Christian Fluhr <firstname.lastname@example.org>
Dominique Schmit <email@example.com>
Commissariat à l'Énergie Atomique
This paper describes the architecture and working principles of a system that can index documents (and parts of documents) in several languages and is able to retrieve information using one single-language query. The system is based on an automatic linguistic process of both documents and queries; general unilingual and bilingual reformulation rules are used to reduce the gap between user needs expressed by the query and document contents. The system includes an interface between HTTP and SPIRIT servers and is accessible through standard WWW clients. Design methodology and architecture details of this type of interfaces are also presented.
Keywords: information retrieval systems, multilingual full-text databases, cross-lingual interrogation, language engineering, distributed full-text databases on the Internet, database gateways.
Many full-text corpora consist of documents in more than one language. This is the case for scientific and technical documents from non-English-speaking countries and for documents in full-text databases that are generally in at least two languages. It is also the case for countries that have several official languages (Canada, Belgium, Switzerland, Tunisia, European Union, etc.). On the Internet, interesting information can be found on pages not written in English, and it is necessary to have systems that can effectively index texts in several languages and that enable users to search through texts of various languages in their mother tongue.
From 1990 to 1994, a European ESPRIT project, European Multilingual Information Retrieval (EMIR), demonstrated the feasibility of cross-lingual interrogation. The languages accepted were French, English, and German. Russian is now being implemented with UNESCO funding and Dutch will follow, with Belgian funding. From 1994 to 1996, the results of this project were integrated into a commercial client-server information retrieval system, Syntactic and Probabilistic Indexing and Retrieval of Information in Texts (SPIRIT).
In 1996, an interface was developed between a WWW server and a SPIRIT server so that SPIRIT databases could be queried through a standard WWW browser. Initially, the databases were in different languages. The language of each database had to be homogeneous and multibase interrogation was not possible.
Because many of our databases are bilingual (English and French) and because single documents often appear in several languages (e.g., summaries in two languages), we have developed a prototype of a distributed cross-lingual information retrieval system based on SPIRIT-W3 architecture, which has been generalized for this use.

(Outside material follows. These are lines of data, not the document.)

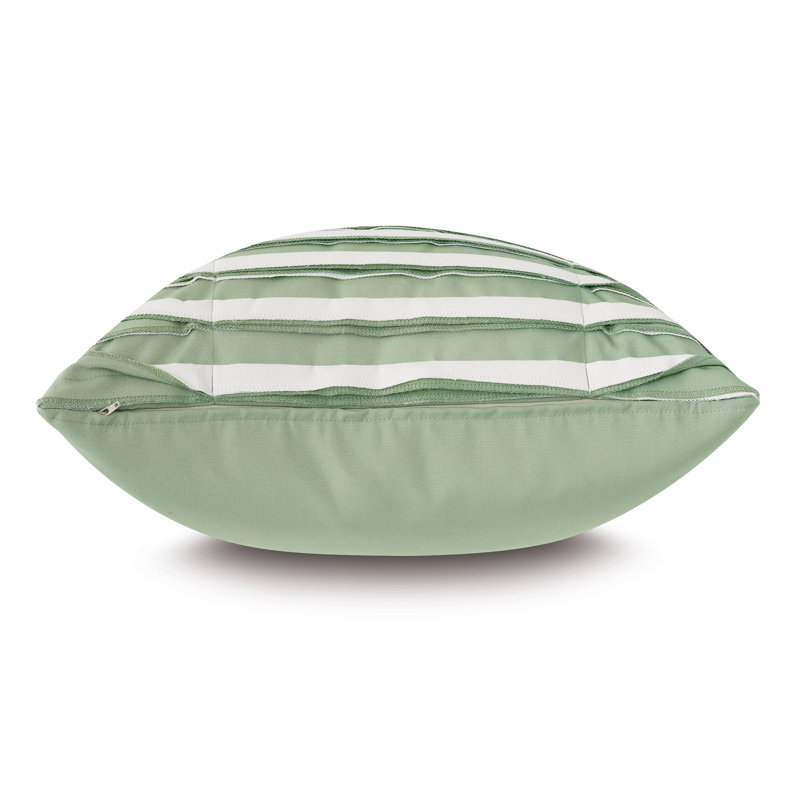 Housse et insert de coussin carré plissé d'extérieur Plisse, Voile céladon / nuage de mèche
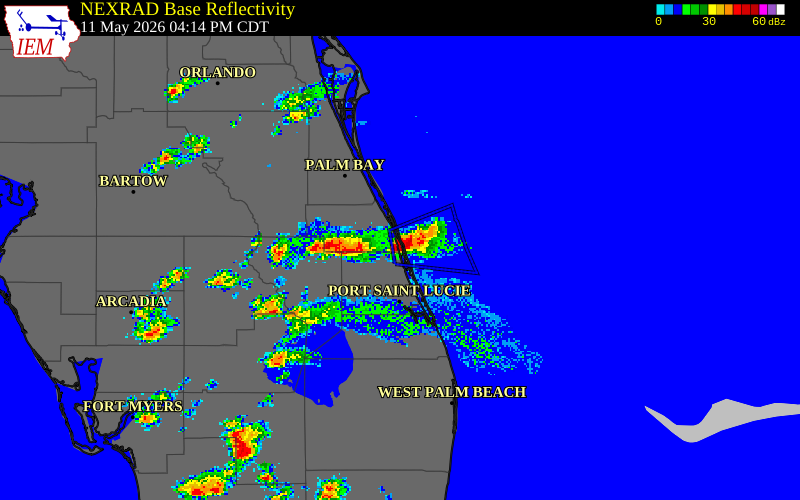 NEXRAD radar during the Monday, May 11, 2026 storm activity in Indian River County, Florida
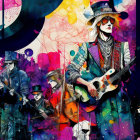 Vibrant band illustration with stylized guitarist on colorful backdrop
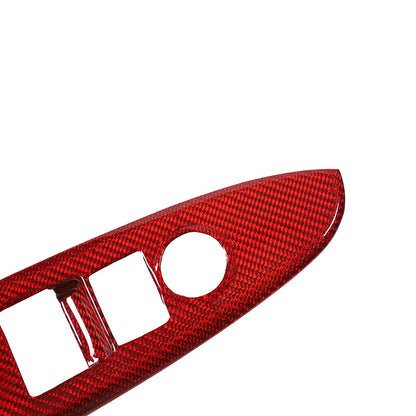 Red Real Carbon Fiber Window Lift Switch Button Trim For Mazda MX-5 Miata 16-23 8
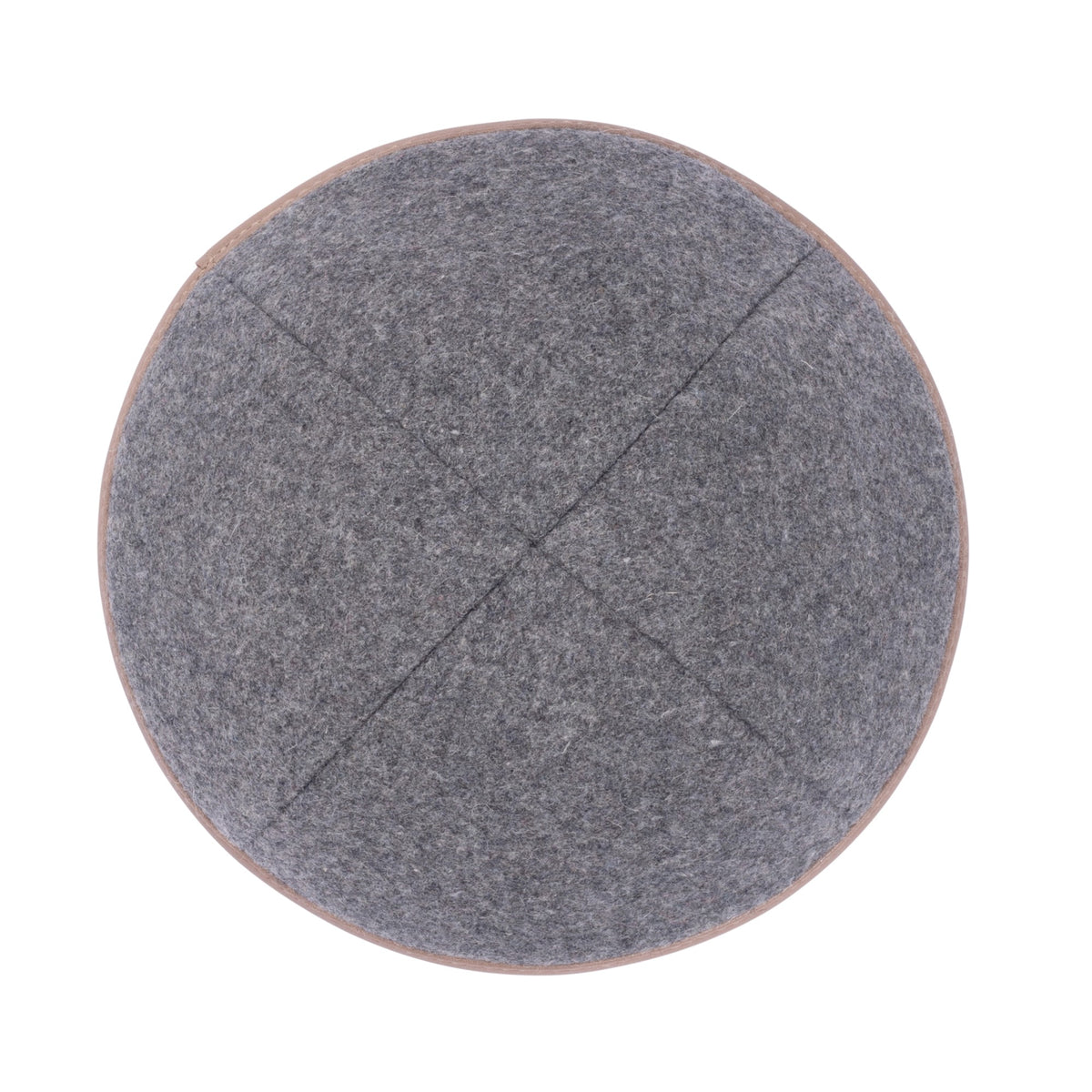 IKIPPAH GRAY WOOL W/ TAN LEATHER RIM YARMULKE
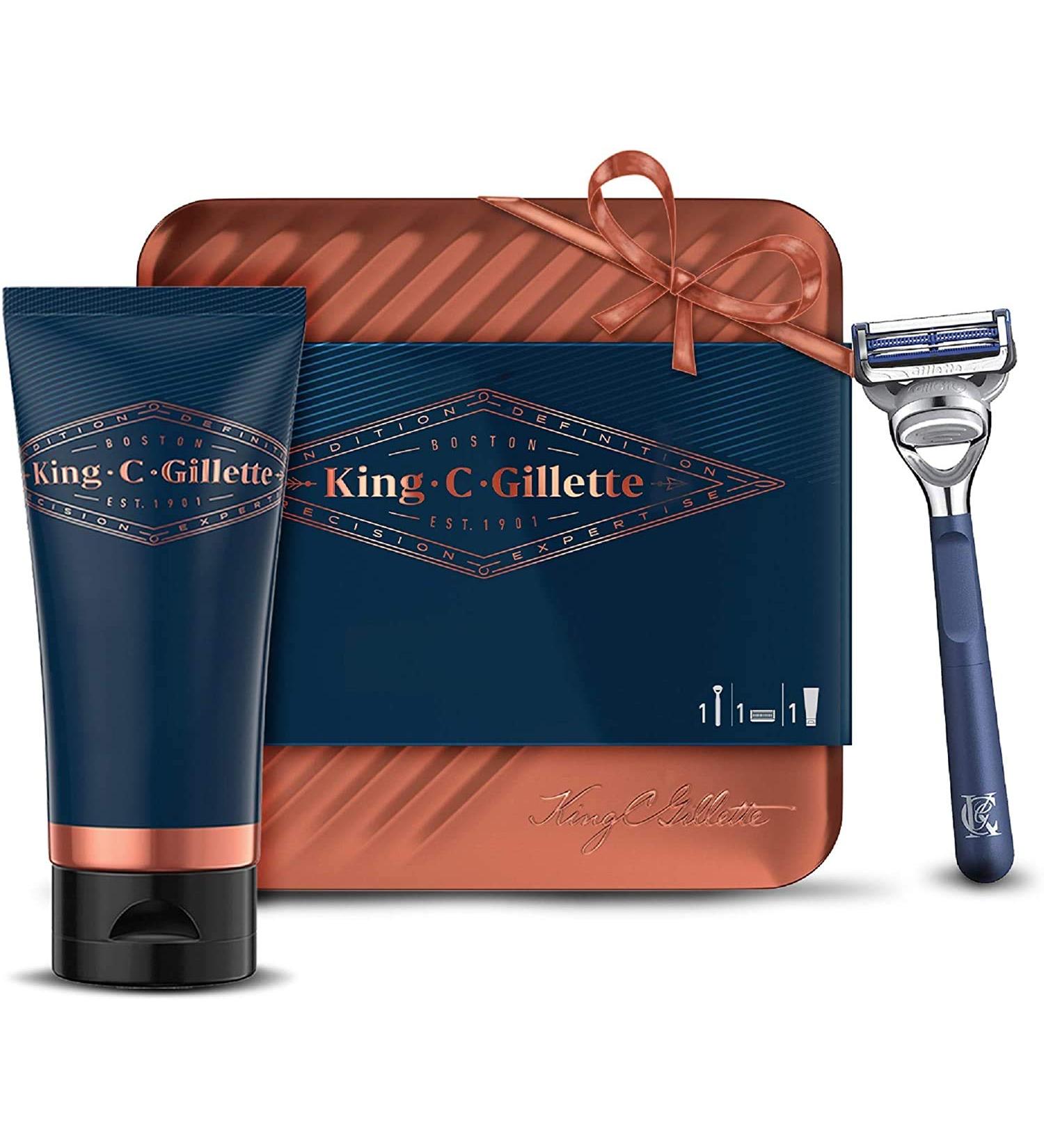 Buy King C. Gillette Shaving Set for Men - Neck Razor Transparent Gel & Tin Box | Perfect Gift for Dad - Buy Online on SooperMarket.com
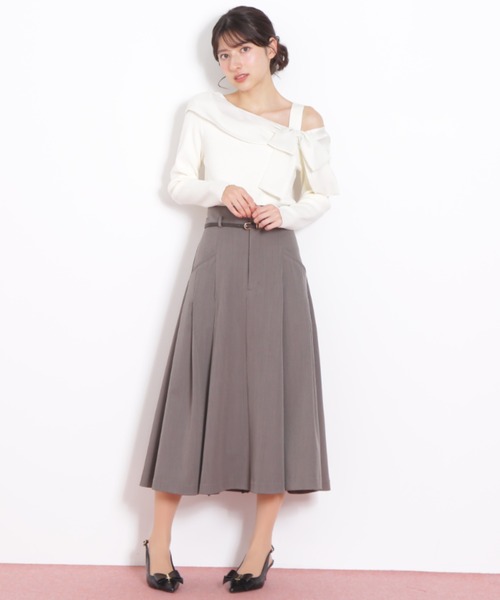 ジル バイ ジル スチュアート（JILL by JILL STUART）/ベルト付タックフレアスカート JILL by JILL STUART（ジルバイジルスチュアート） スカート ベルト付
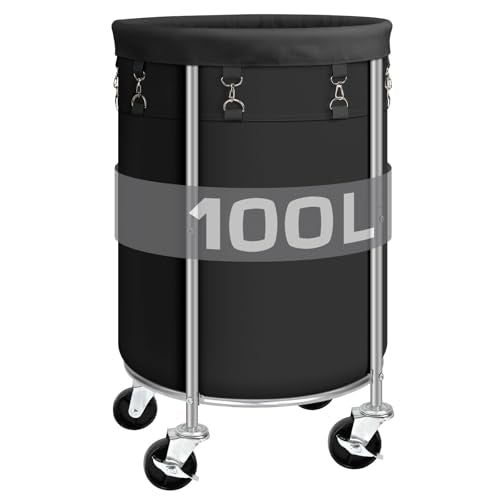 100L Round Rolling Laundry Hamper Basket with Wheels, Black | Laundry Sorter Cart with Removable Bag, Clothes Organizer, Metal Frame, Bedroom, Bathroom, Laundry Room, Dorm Use - color: Black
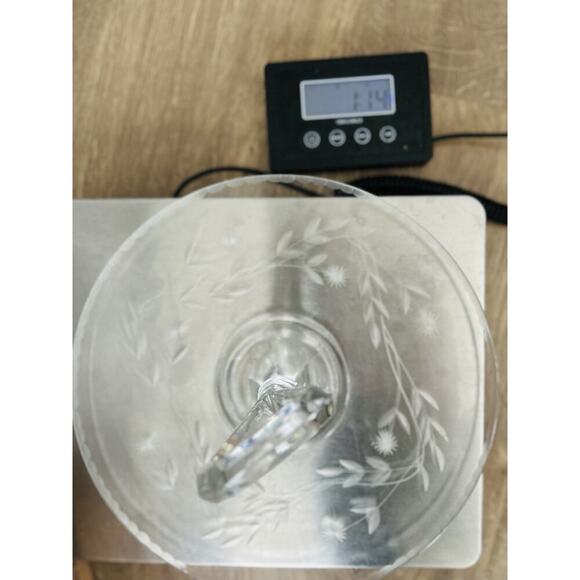 Vintage Tidbit 11” Serving Tray Dish Etched Glass Handle Floral Scallop Trim - Picture 10 of 16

SPIRIT is based on linguistic processing that is performed both on database texts and on queries. This processing is robust and not domain-dependent. The level of linguistic parsing is morphosyntatic. Morphologic analysis is simple because of the use of a full-form dictionary. Syntactic analysis is divided into a disambiguation tool (tagger) and a dependency relation analysis. After the morphosyntactic analysis is done, words and compounds are normalized and stop words are eliminated according to their part of speech.
The statistical processing is done for the input texts as a result of the linguistic processing. This statistical processing assigns a weight for each normalized word or compound. This weight is related to the information brought by the word, which is helpful for the selection of the relevant documents. This weight is used during interrogation to rank the documents according their semantic proximity to the query.
The reformulation tool is used during the query processing. The role of this tool is to reduce the gap between the user vocabulary contained in the query and the vocabulary used to convey the same ideas in the database. This tool is also used to make cross-lingual reformulation. The reformulation has a large domain-independent element which can be used in all types of databases. It is also possible to add domain reformulation knowledge as a supplement. Many inferred words are not relevant but the comparison mechanism that gives priority to documents having the greatest intersection with the query is generally sufficient to choose, for example, between different translations. The last tool is the intersection evaluator that identifies the concept intersection between the query and the texts and computes a weight for this intersection.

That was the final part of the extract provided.